Like many of you and many of my fellow Snowplowers, climate change has been on my mind. Throughout the endless days of lockdown I’ve watched my way through every David Attenbourgh documentary (the man’s a national treasure!), read books, struggled my way through government reports and scrolled for hours across the internet for information. Always eager to identify the causes, effects, consequences, chances for survival and most importantly, what I can do to make a difference.
I’ve felt anger, fear, grief, gratitude, wonder and joy in equal measures and often, I’ve felt overwhelmingly helpless. So, when asked to write a blog post in celebration of Earth Day 2021, I decided I wanted to write some reminders for myself and anyone else who needs them.
Firstly, you are not alone! All over the world millions of wonderful people are stepping up to the challenge, through self-education, activism and innovation. Even within Snowplow, we have started a Snowplow-Green Slack channel to swap information, inspiration and practical tips. By reaching out to the people and communities around us we have the opportunity to amplify our individual actions and develop a resilient platform from which we can hold governments and businesses accountable for the urgent reforms we and our planet so desperately need.
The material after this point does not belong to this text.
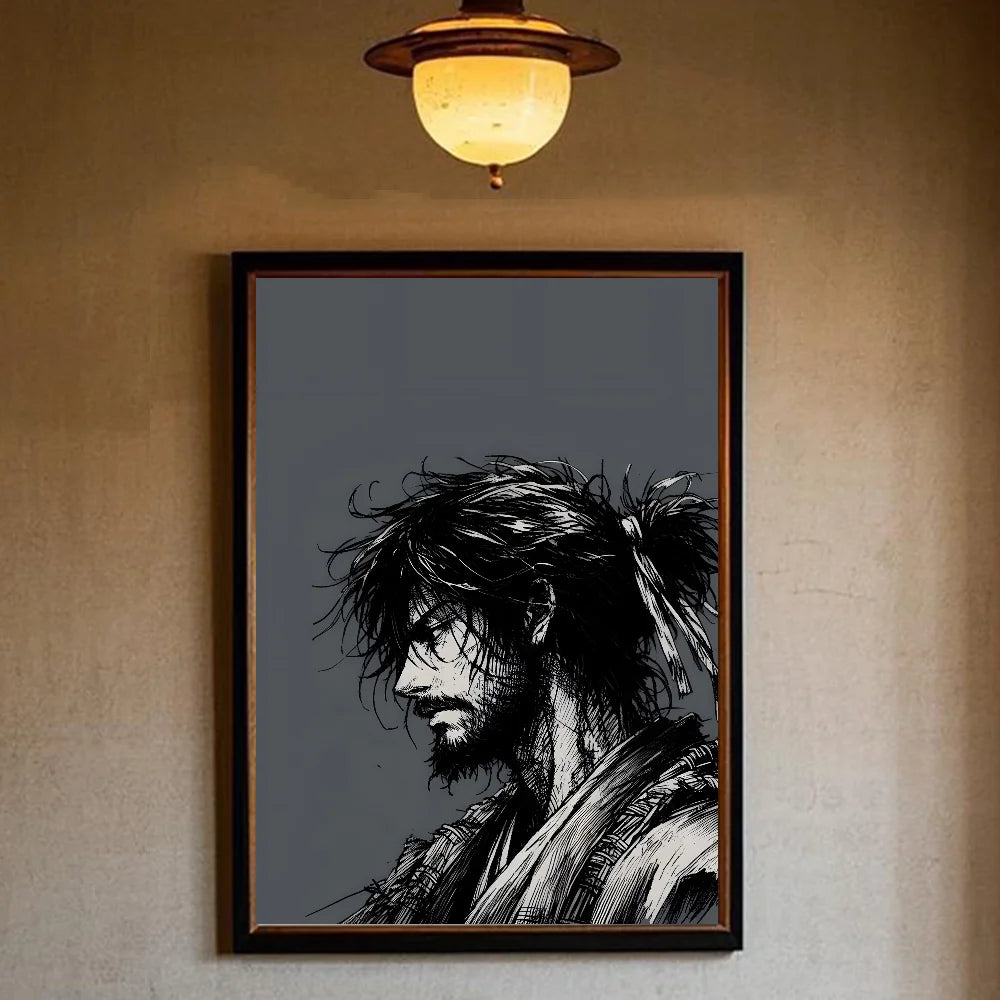 Vagabond Manga Poster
Secondly, the solutions are often easier and more beneficial socially and economically than we can imagine. Large scale rewilding projects require only minimal human input but have huge potential to power carbon capture and provide a financial boost to struggling rural communities. Similarly, simply ensuring girls and women have access to a full education will empower them to make lower emission lifestyle choices, have increased economic resilience to climate disaster and to become leaders in the climate change movement in both local and international communities.
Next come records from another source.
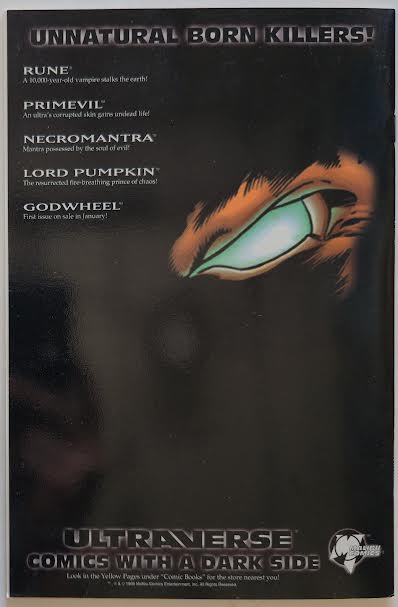 Bravura #0 Special Limited Edition Ernie Colon Hologram Cover 1995 VF-NM Vintage Comic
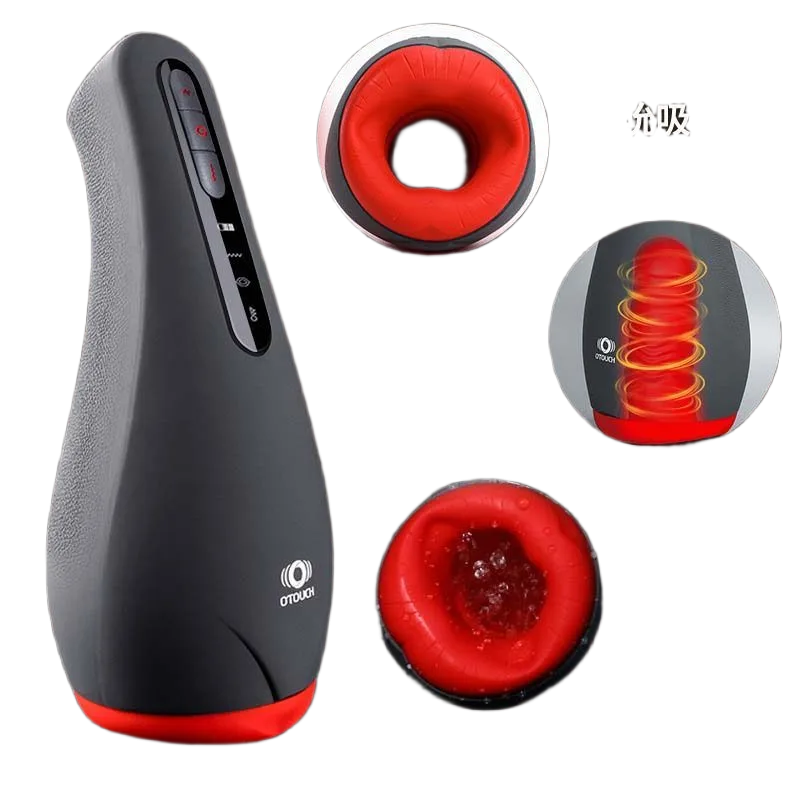 Otouch AirTurn Ver2 Heated Suction Male Masturbator Upgrade Version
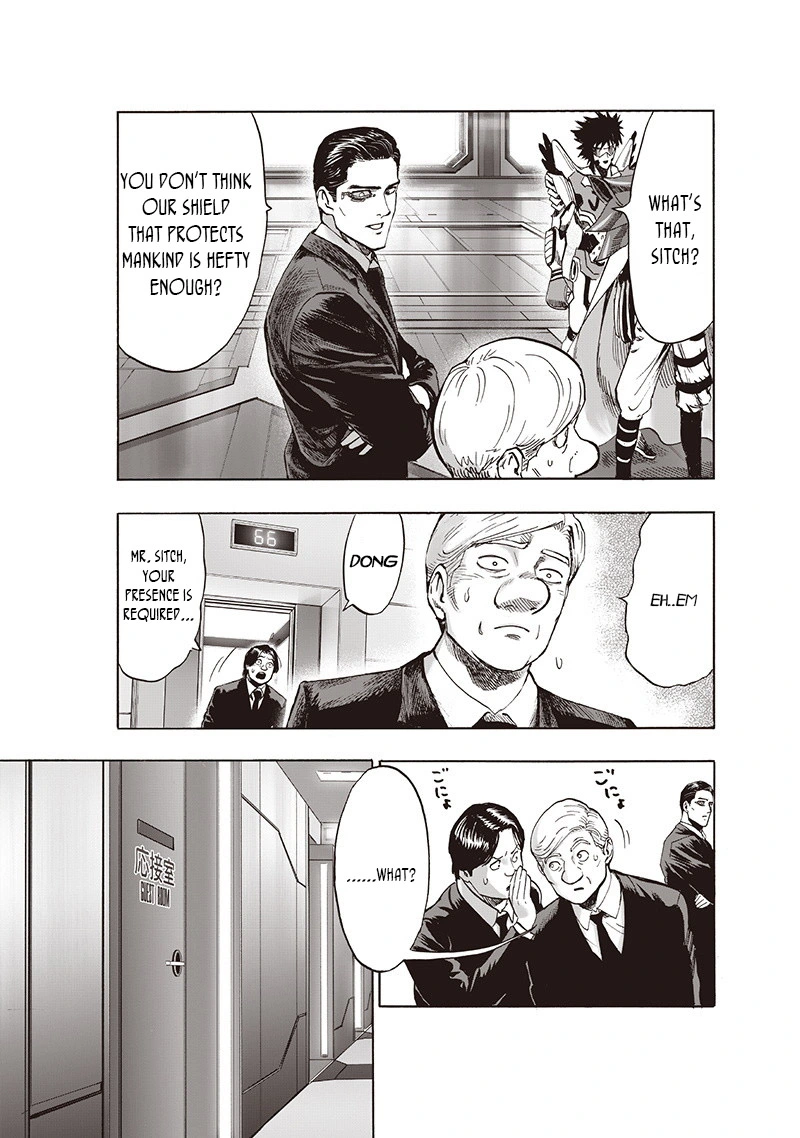 One Punch Man - Chapter 93 - Page 41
Thirdly and finally, the easiest thing you can do to help our planet is to get outdoors. We are a society that has lost its connection to nature, we spend around 90% of our time indoors, our days staring at screens and our lives raising children who can identify Pokémon more accurately than local bird species. If we aren’t able to embrace the joy and beauty of our local environments or recognise how essential nature is for our economic, mental and physical wellbeing we cannot drive the deep, long-term changes needed to save our planet. We all can and must play a part in caring for our planet and we can all start today.
If you want to do one thing to celebrate Earth Day today, look up from your screen and outside your window or stand up from your desk and take a walk outside. Take a moment to stop, look and listen to the life around you and just breathe. There are so many reasons to hope for a better and greener future than we have ever known, we just have to give a damn.